Each line of the data must reappear exactly in your answer, with no images included.

> [Collected data]:
---

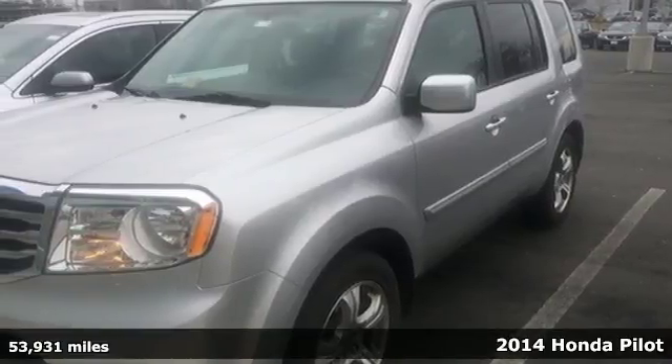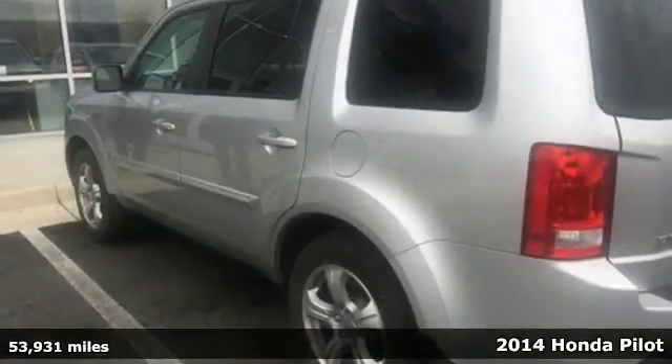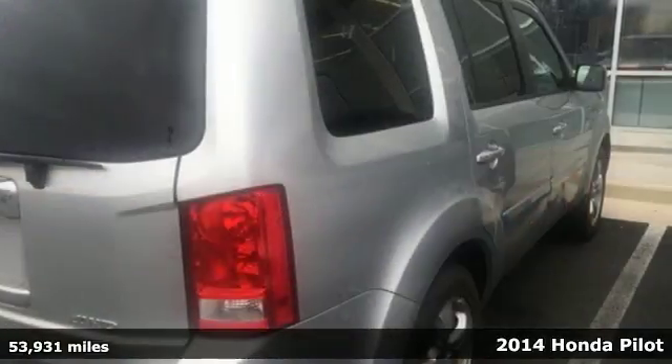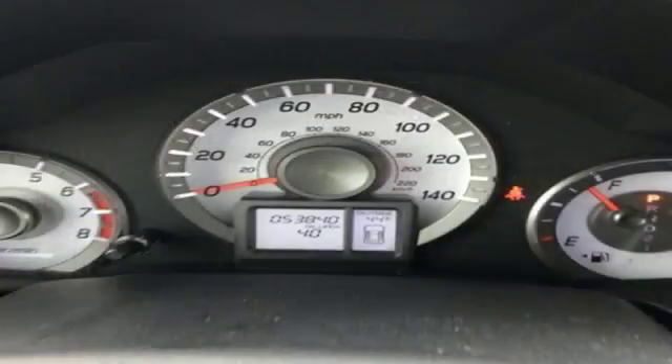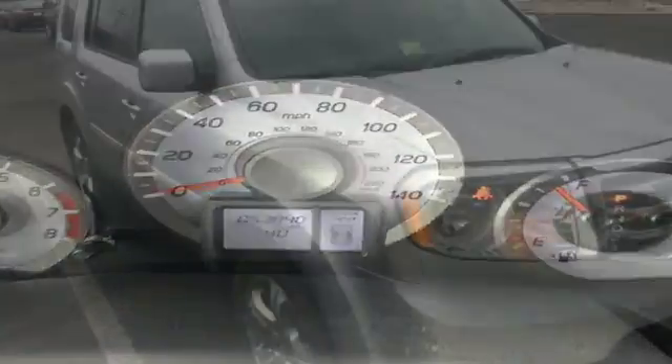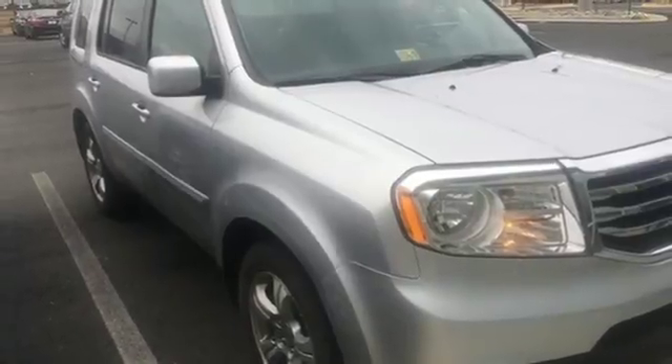It's a 2014 Honda Pilot. With countless technological innovations, this SUV is roaring ahead of the curve. Performance and safety are top-notch with the V6 engine with variable cylinder management and advanced compatibility engineering body structure. The rear-view camera, climate control and remote entry conveniently come standard.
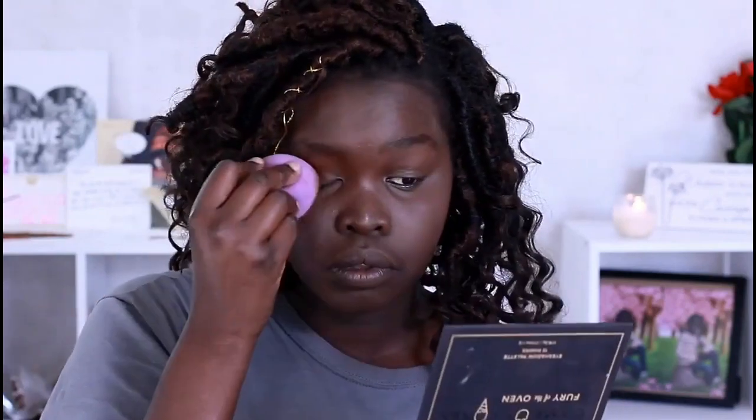I didn't do my brows but that's all right, we'll do them in a minute. We're just going to go ahead and blend that concealer in. See how that still looks like our skin but we still have the brightness that we'd want.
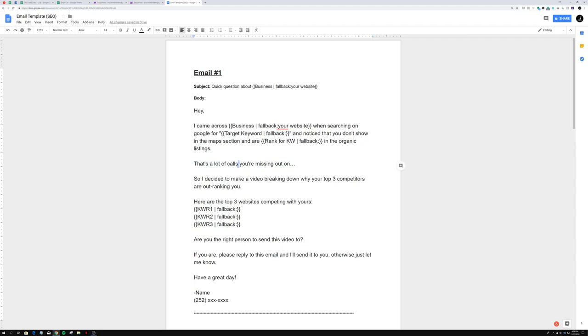That line — 'that's a lot of calls you're missing out on' — works especially well for service-based businesses like plumbers, chiropractors, dentists. These are businesses that rely on phone calls, so not showing up in search is a direct hit to their revenue. This email template works for any industry, but it works particularly well for these call-driven service businesses.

---

> [Written answer]:
It's a 2014 Honda Pilot. With countless technological innovations, this SUV is roaring ahead of the curve. Performance and safety are top-notch with the V6 engine with variable cylinder management and advanced compatibility engineering body structure. The rear-view camera, climate control and remote entry conveniently come standard.
I didn't do my brows but that's all right, we'll do them in a minute. We're just going to go ahead and blend that concealer in. See how that still looks like our skin but we still have the brightness that we'd want.
That line — 'that's a lot of calls you're missing out on' — works especially well for service-based businesses like plumbers, chiropractors, dentists. These are businesses that rely on phone calls, so not showing up in search is a direct hit to their revenue. This email template works for any industry, but it works particularly well for these call-driven service businesses.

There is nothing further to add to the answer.